-- Records supplied follows --
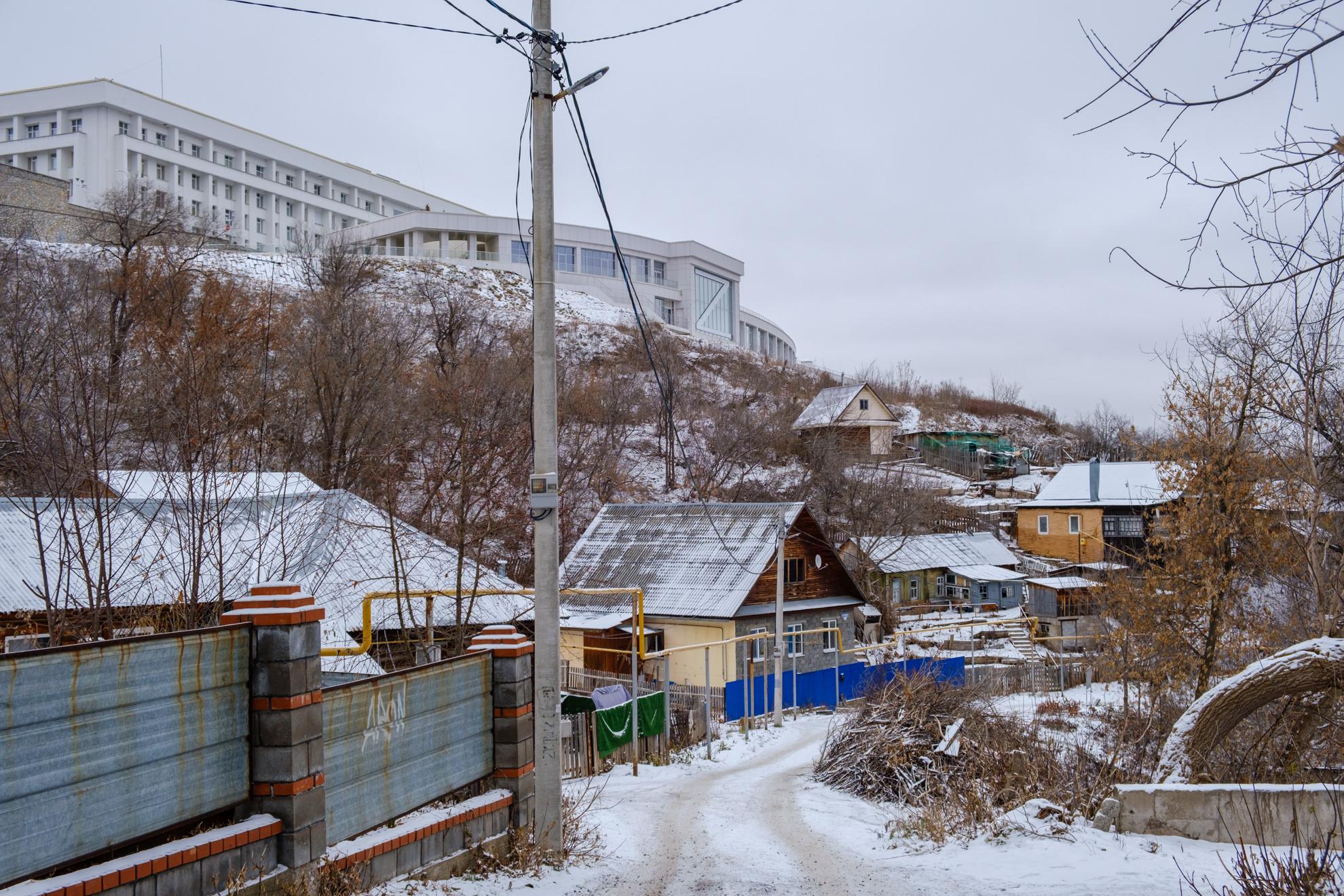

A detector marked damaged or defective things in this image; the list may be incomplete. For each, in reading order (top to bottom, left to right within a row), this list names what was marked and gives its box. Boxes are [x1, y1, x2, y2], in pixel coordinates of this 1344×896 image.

rusty stain on metal fence [0, 629, 251, 886]
rusty stain on metal fence [322, 652, 491, 848]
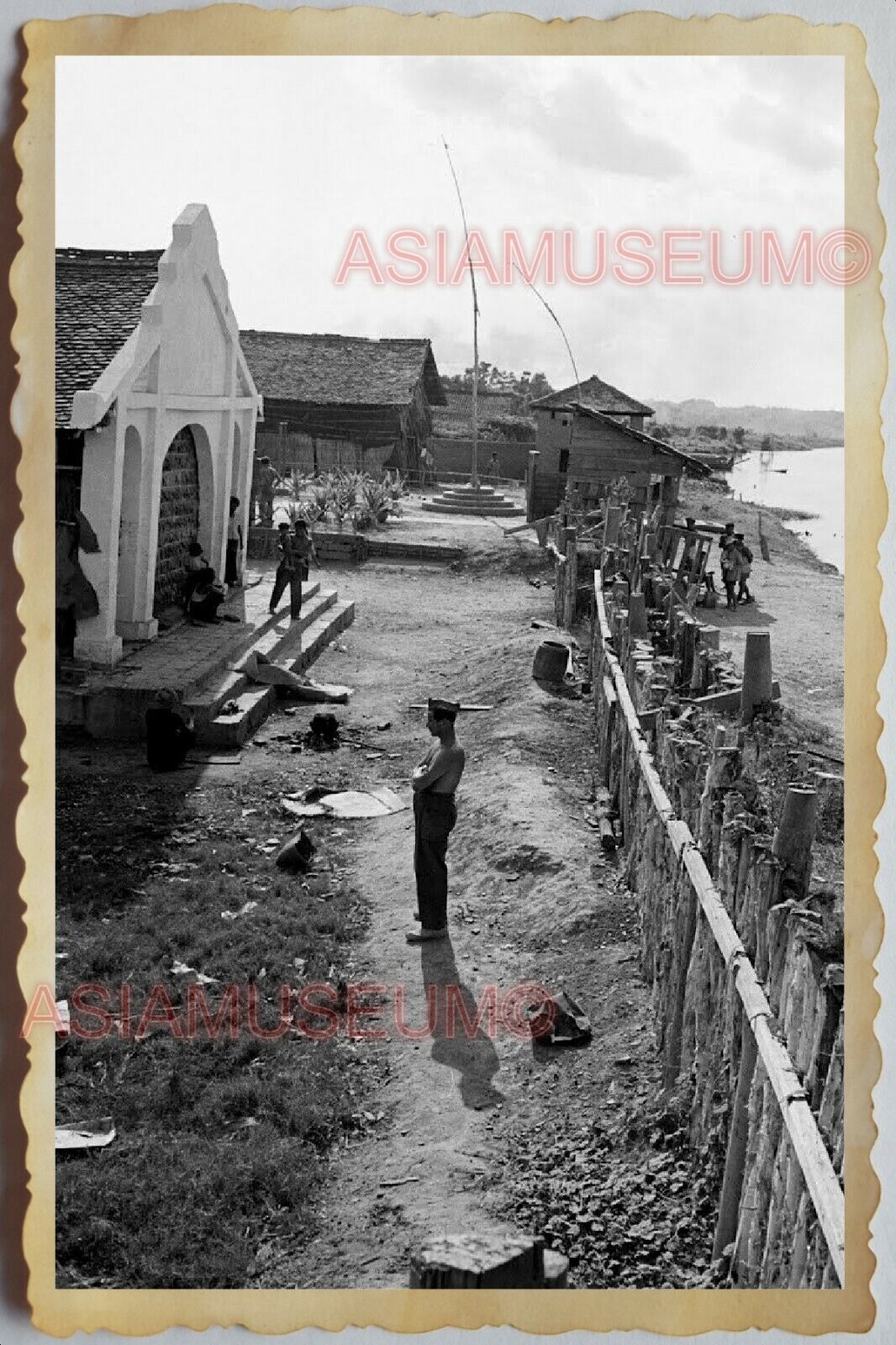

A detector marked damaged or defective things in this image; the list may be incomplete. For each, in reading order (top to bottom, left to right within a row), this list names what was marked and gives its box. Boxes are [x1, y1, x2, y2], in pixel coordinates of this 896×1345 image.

bent bamboo pole [589, 572, 839, 1285]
-- Records supplied concluded --
Assignment:
Every entry above needs to be printed again exactly, with its pictures left out.

Output of the exercise:
A detector marked damaged or defective things in this image; the list may be incomplete. For each, in reading order (top to bottom, left to right within a row), this list names what was marked and gives its box. Boxes are [x1, y1, x2, y2], in pixel coordinates of this 1344×896 image.

rusty stain on metal fence [0, 629, 251, 886]
rusty stain on metal fence [322, 652, 491, 848]

A detector marked damaged or defective things in this image; the list may be incomplete. For each, in reading order (top to bottom, left to right within a row), this list names what was marked and gives its box. Boxes are [x1, y1, x2, y2], in pixel coordinates of this 896×1345 image.

bent bamboo pole [589, 572, 839, 1285]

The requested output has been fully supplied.